Ron Paul Says Law Upholds Putin's Invasion of Crimea

Ron Paul Says Law Upholds Putin's Invasion of Crimea

In the debate over whether or not Russia’s invasion of Crimea is legal, former Texas Representative Ron Paul is lining up with Vladimir Putin saying that the “law is on his side.”

Paul made his comments on Wednesday night’s broadcast of Fox Business Network’s The Independent during a discussion on Ukraine in which Paul claimed that the U.S. and its allies are hypocrites.

The Texan accused the West of aiding in the overthrow of Ukrainian President Viktor Yanukovich’s government. He said that Russia’s Putin has a claim on Crimea because of the lease Russia has for its warm-water naval base in the city of Sevastopol.

“This whole thing that Putin is the big cause of the trouble, and yet there’s pretty good evidence that the Europeans as well as the American government had to contrive to have the overthrow of a government that most people say had been elected,” the former Congressman began. “And then for them to come along and say, ‘Well, it’s an illegal government’ – and they want to have a referendum now, you know, in Crimea – ‘Oh, no, that’s not permissible.’ And they say everything that Putin does is illegal. He’s no angel, but actually he has some law on his side.”

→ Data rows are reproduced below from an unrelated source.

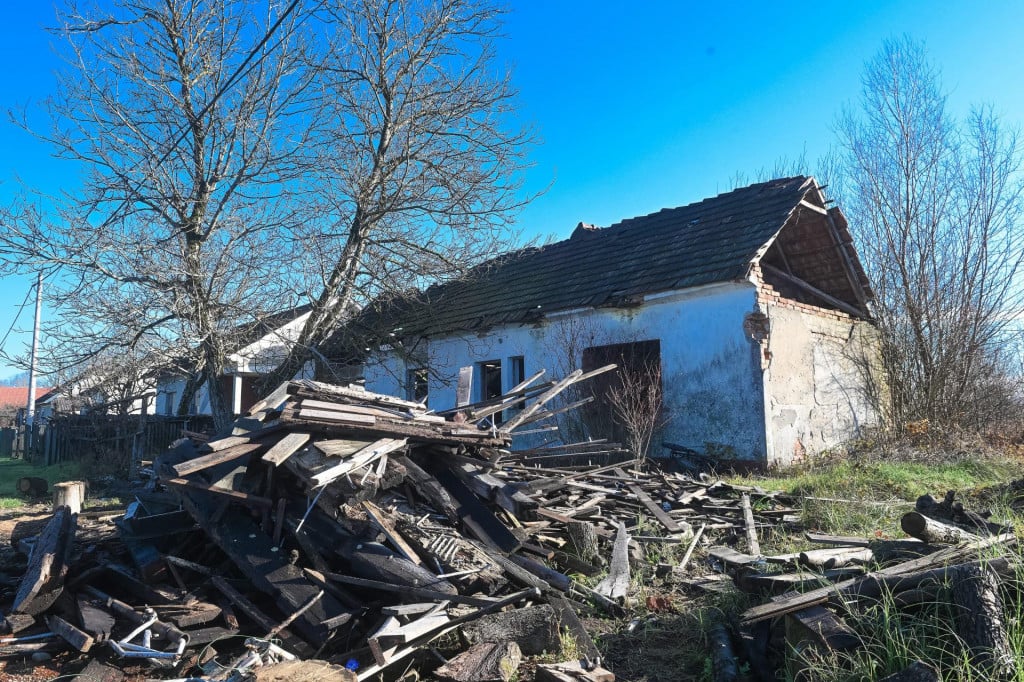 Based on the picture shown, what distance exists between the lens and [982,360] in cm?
1337

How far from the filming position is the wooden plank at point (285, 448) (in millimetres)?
4746

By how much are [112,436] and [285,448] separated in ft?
47.5

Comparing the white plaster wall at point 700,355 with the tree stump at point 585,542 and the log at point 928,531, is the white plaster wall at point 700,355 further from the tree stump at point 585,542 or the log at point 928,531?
the log at point 928,531

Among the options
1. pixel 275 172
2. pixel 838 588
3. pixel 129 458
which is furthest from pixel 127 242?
pixel 838 588

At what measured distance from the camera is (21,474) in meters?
16.6

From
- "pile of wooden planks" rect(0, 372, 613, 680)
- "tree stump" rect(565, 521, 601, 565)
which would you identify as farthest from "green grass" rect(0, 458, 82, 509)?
"tree stump" rect(565, 521, 601, 565)

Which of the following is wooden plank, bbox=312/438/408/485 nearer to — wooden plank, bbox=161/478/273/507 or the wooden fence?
wooden plank, bbox=161/478/273/507

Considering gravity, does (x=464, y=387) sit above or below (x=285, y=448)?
above

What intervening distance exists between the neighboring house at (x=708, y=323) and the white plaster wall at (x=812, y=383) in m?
0.04

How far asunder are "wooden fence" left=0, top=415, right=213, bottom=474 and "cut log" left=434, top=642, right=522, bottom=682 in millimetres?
13522

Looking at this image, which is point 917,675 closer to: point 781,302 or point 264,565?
point 264,565

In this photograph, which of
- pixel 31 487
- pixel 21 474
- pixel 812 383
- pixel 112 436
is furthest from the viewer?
pixel 21 474

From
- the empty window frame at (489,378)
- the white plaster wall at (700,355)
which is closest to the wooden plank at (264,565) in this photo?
the white plaster wall at (700,355)

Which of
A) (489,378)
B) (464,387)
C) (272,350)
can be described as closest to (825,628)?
(464,387) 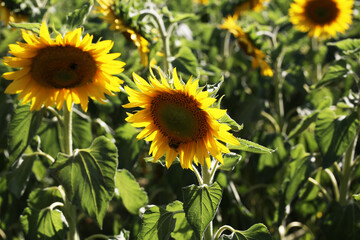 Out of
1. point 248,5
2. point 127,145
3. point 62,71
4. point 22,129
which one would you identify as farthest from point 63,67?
point 248,5

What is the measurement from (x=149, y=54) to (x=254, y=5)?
1434 mm

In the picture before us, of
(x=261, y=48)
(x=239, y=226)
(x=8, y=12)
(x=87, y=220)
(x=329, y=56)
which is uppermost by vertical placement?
(x=8, y=12)

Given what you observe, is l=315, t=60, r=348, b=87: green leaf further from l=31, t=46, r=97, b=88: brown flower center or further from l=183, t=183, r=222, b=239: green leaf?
l=31, t=46, r=97, b=88: brown flower center

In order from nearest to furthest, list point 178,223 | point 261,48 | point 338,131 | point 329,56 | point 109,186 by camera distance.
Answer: point 109,186
point 178,223
point 338,131
point 261,48
point 329,56

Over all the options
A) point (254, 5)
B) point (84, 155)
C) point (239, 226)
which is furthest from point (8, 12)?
point (254, 5)

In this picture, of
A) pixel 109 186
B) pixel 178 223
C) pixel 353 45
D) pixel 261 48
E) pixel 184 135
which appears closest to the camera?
pixel 184 135

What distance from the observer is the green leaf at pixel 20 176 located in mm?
1659

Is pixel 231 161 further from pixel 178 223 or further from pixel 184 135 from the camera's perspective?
pixel 178 223

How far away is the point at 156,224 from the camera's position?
1.46 metres

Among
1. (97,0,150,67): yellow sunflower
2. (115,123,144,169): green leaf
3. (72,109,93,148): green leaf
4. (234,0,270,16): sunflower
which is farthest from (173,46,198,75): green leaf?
(234,0,270,16): sunflower

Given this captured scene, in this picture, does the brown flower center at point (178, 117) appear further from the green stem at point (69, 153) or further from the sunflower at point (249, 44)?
the sunflower at point (249, 44)

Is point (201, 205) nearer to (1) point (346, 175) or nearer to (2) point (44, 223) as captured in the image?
(2) point (44, 223)

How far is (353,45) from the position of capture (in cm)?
182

Paul then said that Russia’s leases, agreements, and treaties for its naval base in Crimea give it a legal basis for a military presence in Crimea. He then claimed that Russia could claim that the U.S. is hypocritical because it has a military lease with Cuba – Russia could claim that the U.S. was “occupying Guantanamo illegally.”

FBN’s Matt Welch asked how Paul could justify Putin’s massing of armies and threats in the region, but Paul replied that it was the U.S. and the West doing the threatening. “We’re there,” he said.

Paul then claimed that the invasion of Crimea is being used by the West as an excuse to place missiles “in Russia’s backyard.”

Crimea has a right to secede from Ukraine, in any case, Paul insisted.

“I think people have a right of self-determination,” he said, “It’s written into international law, it’s a moral principle, and of course if you believe in limited government everybody should have a right to minimize their government; there should be a right of secession. We loved secession when we seceded from Great Britain, and we loved secession when the Soviet Union broke up, so why not have the breakup of these countries?”

Finally, Paul argued that the upcoming referendum in Crimea on whether or not to join Russia and secede from Ukraine sounds like a “democratic” idea.